Mannitol produces false positive results in tests for blood ethylene glycol concentrations in which mannitol is initially oxidized to an aldehyde.
• Paediatric use
Safety and effectiveness in the paediatric population have not been established in clinical studies.
• Geriatric use
In general, dose selection for an elderly patient should be cautious, reflecting the greater frequency of decreased hepatic, renal, or cardiac function, and of concomitant disease or drug therapy.
• Risk of air embolism
Do not use plastic containers in series connections. Such use could result in air embolism due to residual air being drawn from the primary container before the administration of the fluid from the secondary container is completed.

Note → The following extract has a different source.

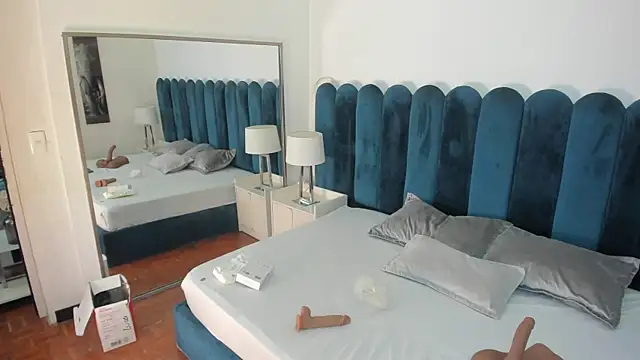 Scarlett  Noir online show from 04.14.26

Pressurizing intravenous solutions contained in flexible plastic containers to increase flow rates can result in air embolism if the residual air in the container is not fully evacuated prior to administration.
Use of a vented intravenous administration set with the vent in the open position could result in air embolism. Vented intravenous administration sets with the vent in the open position should not be used with flexible plastic containers.